Solar panel manufacturers are themselves having to invest in the production of silicon. Germany's SolarWorld AG was the first to see this trend coming. The company, which went public in 1999, got into the production of silicon way back in 2000, when it took over Bayer Solar GmbH of Freiberg in Saxony (not to be confused with the Freiburg in southwest Germany). Today, Solar World operates a large recycling facility for old solar cells in Freiberg. In addition, SolarWorld has also entered into long-term contracts both with Hemlock and Wacker to ensure a supply of solar silicon.
The market has thus begun to clamp down on the small producers of panels, such as Freiburg's Solar-Fabrik AG. Nowadays, it is almost impossible to stay at the end of the supply chain and only produce panels, which is why the Freiburg company expanded downstream with the revenues it received from its IPO in 2002. Like its big brother and competitor SolarWorld, Solar-Fabrik now also manufactures some of its own wafers into solar cells, which are then used to manufacture solar panels.
The entire industry is working feverishly to make cells thinner in order to make do with less silicon per cell. Some of the companies are also looking for alternatives to silicon. While silicon wafers make up more than 90 per cent of the market today, thin-film technology can make do with only a 50th as much silicon.

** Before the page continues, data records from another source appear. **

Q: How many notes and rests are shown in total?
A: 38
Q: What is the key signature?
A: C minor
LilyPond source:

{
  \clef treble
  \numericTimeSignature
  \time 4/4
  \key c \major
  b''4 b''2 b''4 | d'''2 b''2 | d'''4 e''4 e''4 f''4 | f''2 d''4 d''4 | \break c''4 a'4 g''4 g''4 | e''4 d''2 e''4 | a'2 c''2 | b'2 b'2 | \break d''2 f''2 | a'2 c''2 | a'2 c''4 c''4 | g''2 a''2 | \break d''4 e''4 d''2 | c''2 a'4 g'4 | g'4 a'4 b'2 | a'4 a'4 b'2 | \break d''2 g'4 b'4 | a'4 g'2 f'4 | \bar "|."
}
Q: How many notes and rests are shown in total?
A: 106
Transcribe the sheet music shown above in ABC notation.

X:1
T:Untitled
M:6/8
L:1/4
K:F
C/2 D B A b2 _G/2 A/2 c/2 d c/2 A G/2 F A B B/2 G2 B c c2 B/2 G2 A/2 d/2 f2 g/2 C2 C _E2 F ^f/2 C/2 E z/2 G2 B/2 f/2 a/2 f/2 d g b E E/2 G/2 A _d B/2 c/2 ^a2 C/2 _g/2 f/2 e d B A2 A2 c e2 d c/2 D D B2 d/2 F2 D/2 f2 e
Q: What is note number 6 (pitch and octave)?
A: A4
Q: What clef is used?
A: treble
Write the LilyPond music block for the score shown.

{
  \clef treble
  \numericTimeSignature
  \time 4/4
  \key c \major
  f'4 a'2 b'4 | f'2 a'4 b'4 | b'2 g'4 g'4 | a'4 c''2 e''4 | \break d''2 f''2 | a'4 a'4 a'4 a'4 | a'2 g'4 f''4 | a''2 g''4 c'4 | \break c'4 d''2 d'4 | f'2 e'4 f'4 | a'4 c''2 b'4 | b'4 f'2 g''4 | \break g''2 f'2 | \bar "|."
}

Back when oil multinational Shell sold its crystalline solar division to SolarWorld in February of 2006, it announced that it would be devoting all of its efforts to thin-film solar production. While the takeover made SolarWorld number one on the US solar market overnight, Shell's departure from crystalline photovoltaics spoke volumes. At the same time, thin-film photovoltaics has a much lower efficiency than polycrystalline and monocrystalline cells at about seven to 10 per cent under field conditions, compared to a full 15 to 16 per cent for poly- and mono-crystalline, respectively. But thin-film is cheaper, and rising silicon prices could give thin-film photovoltaics the upper hand; after all, what matters is generally not the efficiency of a given surface area of photovoltaics (aside from outer-space applications), but rather the cost per peak kilowatt-hour.
Other combinations of metals are also being heavily researched in addition to organic cells based on pigments. While the latter still have unacceptably short service lives, with rates of efficiency plummeting within weeks if not days, the former simply involve the use of other metals that may not be in great demand now, but could soon be only on sale at a premium. As the market experts at Photon Magazine recently pointed out, we will probably never run out of silicon, but if the world has to rely on relatively rare metals for photovoltaics, then PV may never make a significant contribution to our energy supply.
For the IT sector, the question is whether and when demand for solar-grade silicon will ever raise prices for electronics-grade silicon. Sematech already voiced its concern back in 2005.